Chiude l’LP lainnereP, un pezzo d’atmosfera costruito sui temi di uno dei loro cavalli di battaglia di Micro, Perennial, perfetto brano da usare come intro o come outro nei loro futuri show.

Prima di concludere, qualche considerazione sui testi. Essi sono connotati da una profondità davvero rara. Le tematiche spaziano ma hanno sempre come riferimento l’umano, le difficoltà nei rapporti intrapersonali e con se stessi, la visione dell’uomo sul mondo circostante, la disillusione, ma anche la forza necessaria per andare avanti nonostante le varie difficoltà. Qualcuno potrebbe trovarci del pessimismo, una sorta di rinuncia alla voglia di trovare un senso all’esistenza. Piuttosto lo definirei realismo. La lotta tra i simili, l’homo homini lupus di hobbesiana memoria portata alle estreme conseguenze.

Un punto di vista schietto su di un mondo che sembra quasi abbia perso la bussola, che annaspa per provare a cercare un senso alla propria esistenza. E tenendo conto del passato di questi quattro ragazzi, da dove vengono e come hanno vissuto, beh, diventa comprensibile come la rabbia e la forza contenuta nelle loro composizioni funga da completamento al messaggio che vogliono trasmettere al mondo intero con la loro arte. Canta la Shmailyuk in Judgment (& Punishment): We came from the land, where kindnesss equals weakness. Feelings are unconditional and help is something supernatural.

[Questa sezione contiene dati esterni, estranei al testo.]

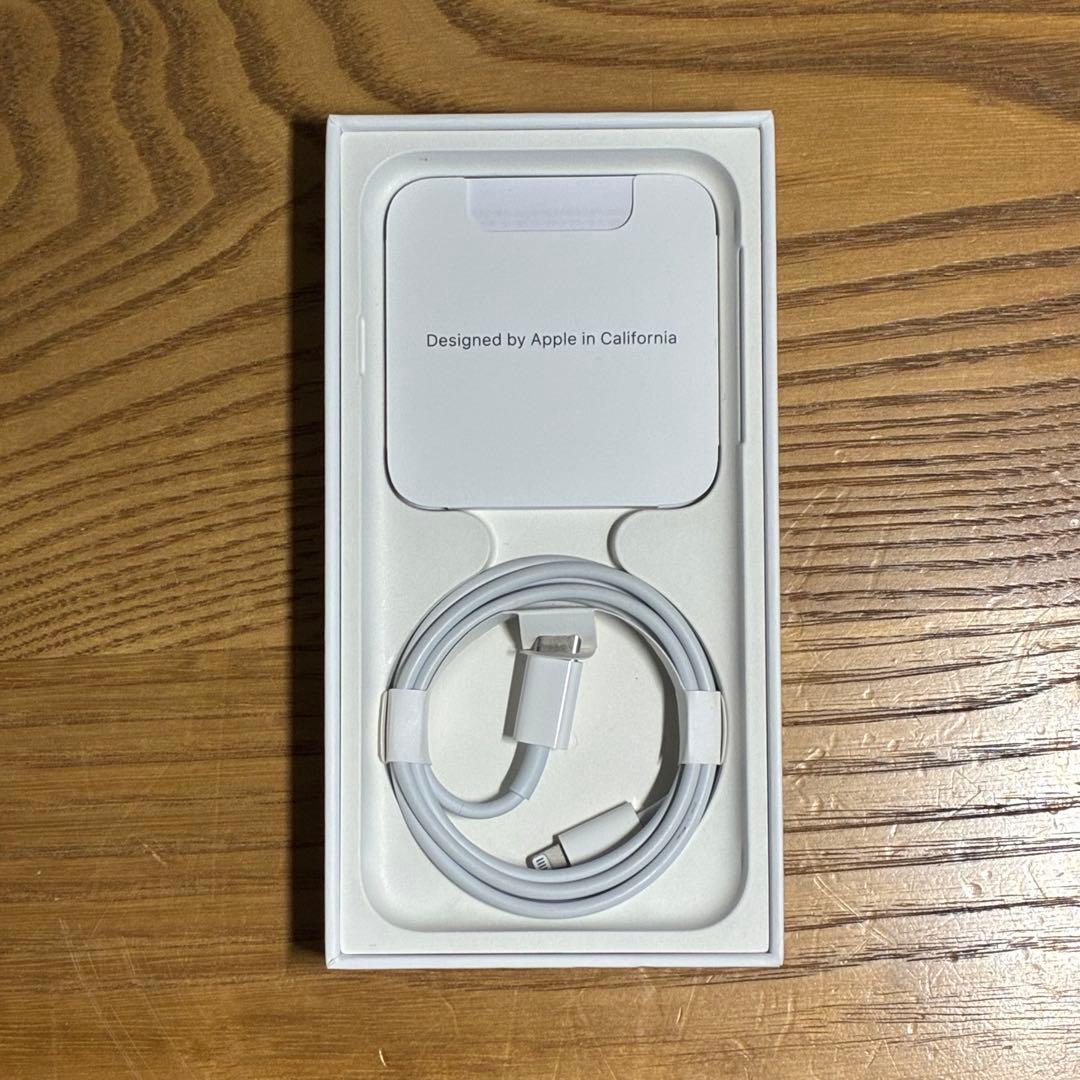 スマートフォン本体 Apple iPhone SE3 starlight 64GB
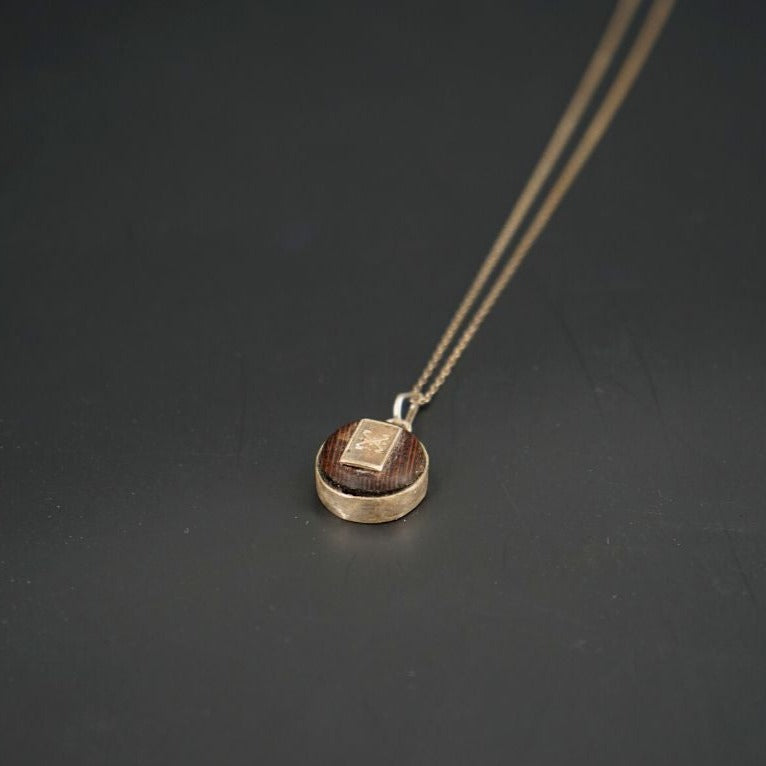 Berber necklace in wenge wood with a silver chain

C’è una visione disattesa, soprattutto dall’ignoranza, altro tema caro ai nostri e ben sviluppato in molti dei loro brani, e visto come uno dei mali principali della società contemporanea.
Resta ora da attendere quale sarà il loro prossimo passo, la loro prossima evoluzione, la quale di certo sorprenderà il numeroso seguito di fan che, a quanto pare, non cessa di crescere.